Baca Juga: Laba BUMN Meroket 869%, Dirut BRI Apresiasi Kinerja Erick Thohir
Arga mengatakan, terkait perlindungan dan tata kelola data, BRI telah memiliki tata kelola yang baik mengacu kepada standar internasional yang menjadi acuan industri.
Selain itu, BRI juga melakukan serangkaian tahapan pengecekan keamanan dari setiap teknologi yang akan digunakan sehingga dapat meminimalisasi celah keamanan yang mungkin terjadi.
Arga menjelaskan, BRI telah melakukan berbagai upaya guna menjamin keamanan data nasabah, baik dari segi people, process, maupun technology.
Dari sisi people, BRI telah membentuk organisasi khusus untuk menangani Information Security yang dikepalai oleh seorang Chief Information Security Officer (CISO) yang memiliki pengalaman dan keahlian di bidang Cyber Security.
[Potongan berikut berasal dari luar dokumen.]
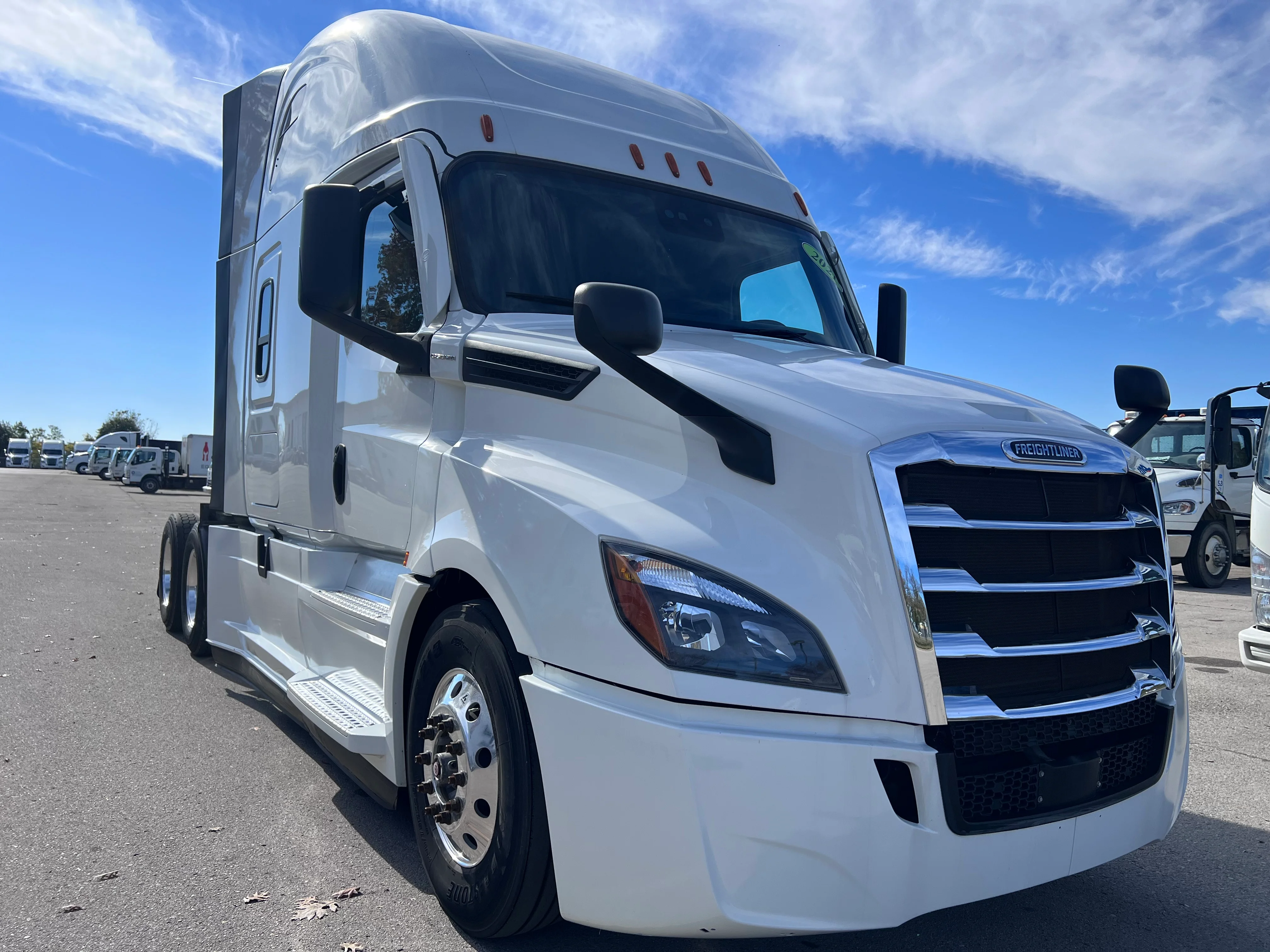 2021 Freightliner Cascadia in Nashville Isuzu, TN — photo 8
Selain itu, BRI juga melakukan edukasi kepada pekerja BRI dan nasabah mengenai pengamanan data nasabah serta cara melakukan transaksi yang aman. Edukasi tersebut dilakukan melalui berbagai media antara lain media sosial (Youtoube, Twitter, Instagram) dan media cetak, serta edukasi ke pada nasabah saat nasabah datang ke unit kerja BRI.
Untuk Incident Management terkait Data Privacy, dilaksanakan oleh unit kerja Information Security Desk dalam naungan Cyber Security Incident Response Team (CSIRT).
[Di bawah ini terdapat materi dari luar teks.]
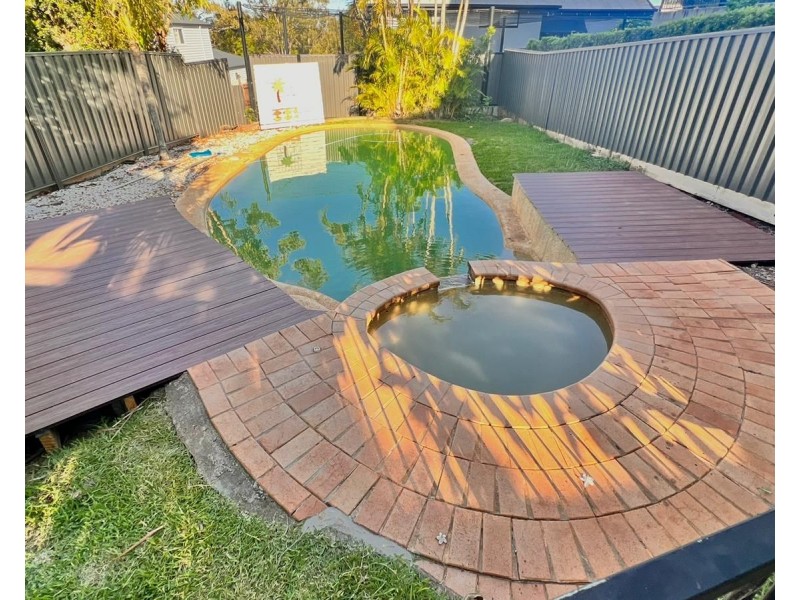 345 Main Road, Wellington Point QLD 4160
Dari sisi process, BRI sudah memiliki tata kelola pengamanan informasi yang mengacu kepada NIST cyber security framework, standar internasional, PCI DSS (Payment Card Industry Data Security Standard) dan kebijakan regulator POJK No.38/POJK.03/2016 tentang Penerapan Manajemen Risiko dalam Penggunaan Teknologi Informasi oleh Bank Umum.
"Untuk memastikan proses pengamanan informasi sudah berjalan dengan standar BRI melakukan beberapa sertifikasi seperti ISO27001:2013 (Big Data Analytics), ISO27001:2013 (Spacecraft Operation), ISO27001:2013 (OPEN API), ISO27001:2013 CIA (Cyber Intellegence Analysis Center Operation), ISO27001:2013 (Card Production), ISO27001:2013 (Data Center Facility), ISO20000-1:2018 (BRINet Express), PCI/PA DSS API (Direct Debit)," ujarnya.
Sedangkan dari sisi technology, BRI melakukan pengembangan teknologi keamanan informasi sesuai dengan framework NIST (identify, protect, detect, recover, respond) dengan tujuan meminimalisasi risiko kebocoran data nasabah dengan mencegah, mendeteksi dan memantau serangan siber.
Namun, Arga menyebut nasabah juga memiliki peran yang besar dalam menjaga kerahasian data pribadi dan data perbankannya.
"BRI terus mengimbau agar nasabah lebih berhati-hati dan tidak menginformasikan kerahasiaan data pribadi dan data perbankan, seperti nomor rekening, nomor kartu, PIN, user & password internet banking, OTP, dan sebagainya kepada orang lain termasuk yang mengatasnamakan BRI. Hal tersebut dikarenakan semakin beragamnya modus penipuan dan kejahatan perbankan yang dilakukan oleh pihak-pihak yang tidak bertanggung jawab," tutupnya.